═════ Data for this exercise

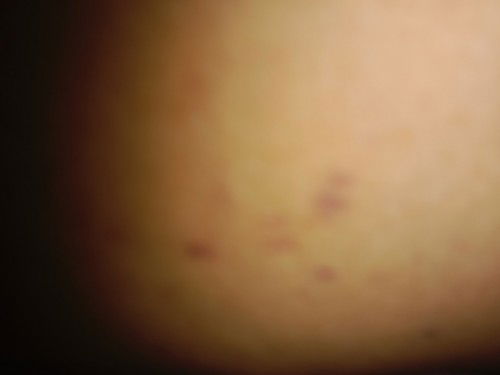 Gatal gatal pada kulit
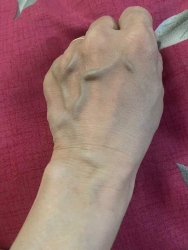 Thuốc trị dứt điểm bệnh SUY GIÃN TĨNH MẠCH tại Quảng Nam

══════════
═════ Data for this exercise

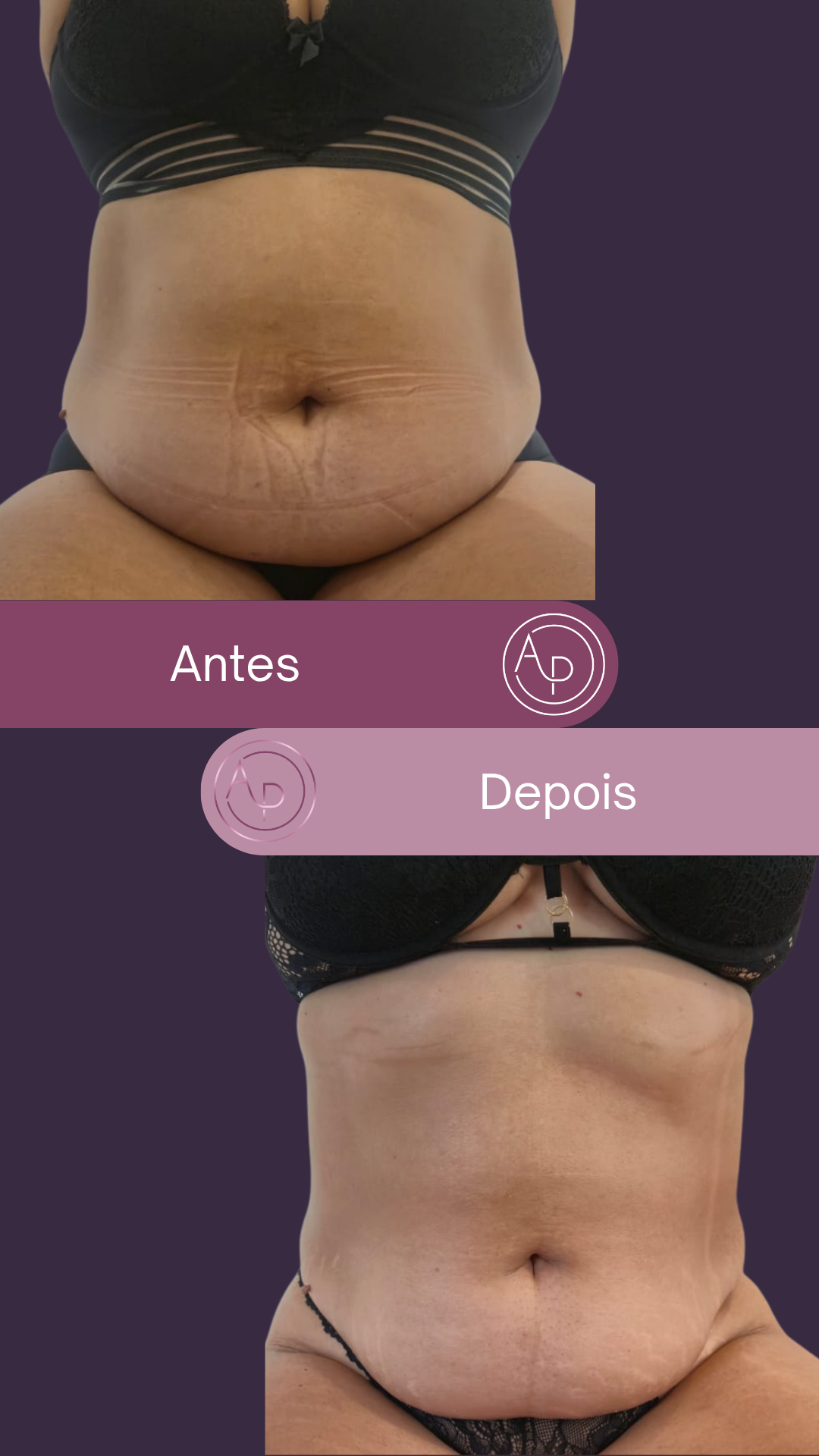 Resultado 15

══════════

Exactly reproduce the lines above, starting at the one that contains "Gatal gatal pada kulit" and ending at the one that contains "Thuốc trị dứt", both inclusive; leave the pictures out and add no other lines.

> [Finished task]:
 Gatal gatal pada kulit
 Thuốc trị dứt điểm bệnh SUY GIÃN TĨNH MẠCH tại Quảng Nam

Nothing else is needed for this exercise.